[Data shown Boundary: Start]

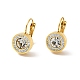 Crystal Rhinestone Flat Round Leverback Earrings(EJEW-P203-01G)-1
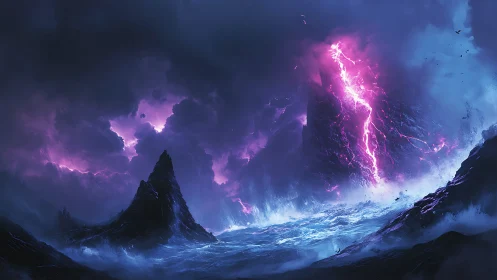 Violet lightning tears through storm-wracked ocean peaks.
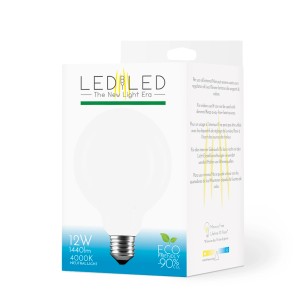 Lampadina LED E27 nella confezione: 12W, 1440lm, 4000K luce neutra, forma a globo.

[Data shown Boundary: End]

### Exercise goal:
Write out the listing word for word, omitting the pictures it holds.

### Result for this task:
 Crystal Rhinestone Flat Round Leverback Earrings(EJEW-P203-01G)-1
 Violet lightning tears through storm-wracked ocean peaks.
 Lampadina LED E27 nella confezione: 12W, 1440lm, 4000K luce neutra, forma a globo.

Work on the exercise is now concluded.